Match Play is far more exciting for the spectator than stroke play. It's also arguably more exciting for the players and yet most of the time most of us play stroke play. ???
2014 WC S-F and Final involving Argentina. Messi + Aguero + Higuain = no goals in almost 4 hours of football!
I'd honestly watch anything. I'll watch One Man and His Dog. Handball. Squash. Badminton. However, I don't really watch any Womens Sport.
The fact that other sports are harder to do at a very minimally competent level doesn't mean they are better or more interesting to do at a serious or competitive level. It does give their afficionados a cudgel to beat golfers with, though, which I enjoy taking up on occasion. I fear for any adult who likes fake wrestling for any reason other than a love of bad camp or a strange sexual fetish. I enjoyed 'Rasslin' as a child, though. Studio Wrestling, as it was called remains of anthropological interest. In a nutshell, it was created for Italian Pittsburghers. The good guys were almost all Italian (Sammartino, DeFazio, Denucci) and the villains were mostly of other ethnicities, most prominently Polish. The ethnic hostilities of the one city in the world designed for ethnic strife (that I know of) somehow acted themselves out in panto on a marvelously cheesy tv show. The thing I never wrapped my head around was how Sammartino was the supposed "World Champion" when he was always on a local show.
I get the impresssion that the USA thinks the USA IS the world hence your World Series games which certainly do NOT include the world. It's the world but not as we know it Jim!

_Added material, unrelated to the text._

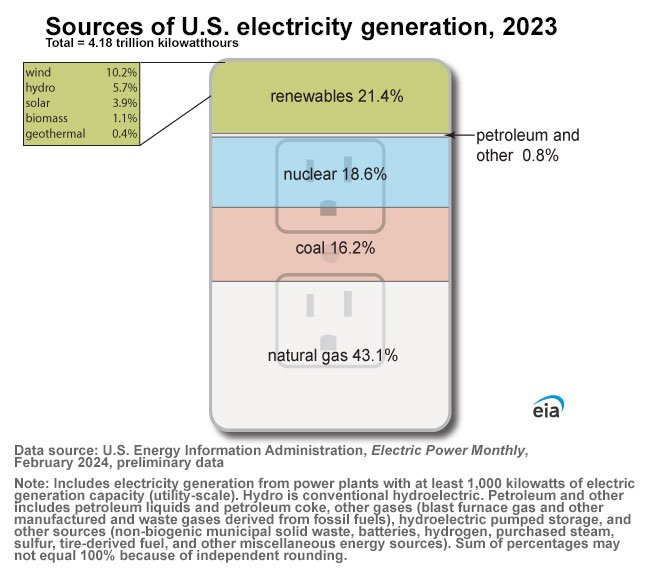 Why Are So Many Cities Seeing Utility Bill Hikes This Winter?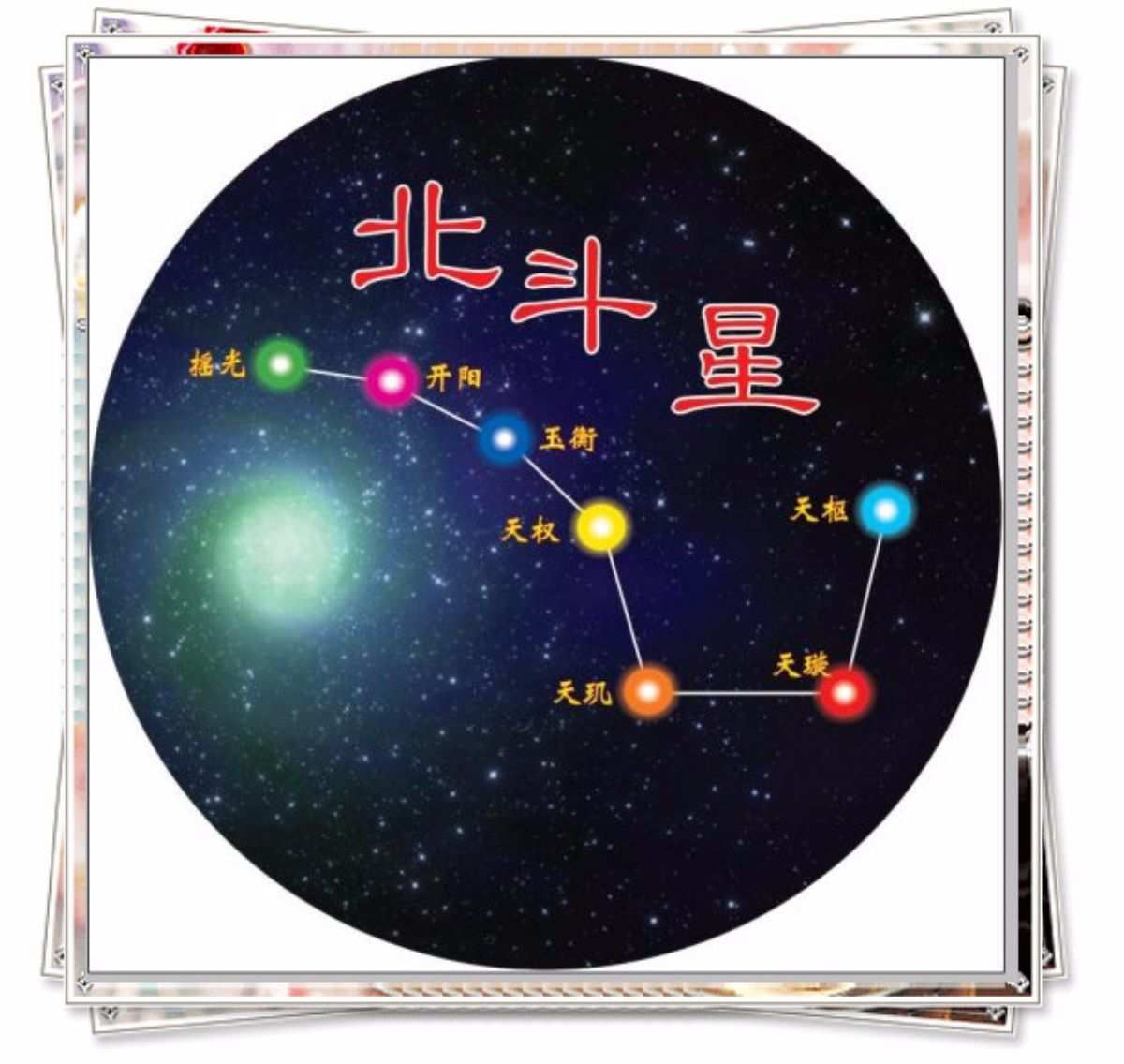 北斗九星九星值符创建的机制和原理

Don't tell me there's something in the world besides the US! That's not what I learned in school. But as for the titles: World 'Rasslin' Champion? A fake sport ought to have a fake title. World Series? This one actually got overtaken by events. In 1903, when it was invented, baseball was only played seriously and professionally in the US. In an ideal world, the purveyors of the World Series would have downgraded it to something like, well, the North American Major League Championship. But people who downgrade their own titles are thin in the field. In any case, though, even at the beginning, it should have been called "The White World Series," since it excluded many of the best players for having excessive melanin in their skin. It's interesting how racism did and didn't define participation in US (and other sports). Non-whites were excluded from baseball largely thanks to one asshole named Cap Anson. But no one prevented Jack Johnson from being heavyweight champion more than a century ago. And the US Olympic Committee picked a squad in 1912 that included African Americans, Indians and an Asian American. When he was criticized, the man who picked the team said, "I thought I was supposed to choose the best athletes."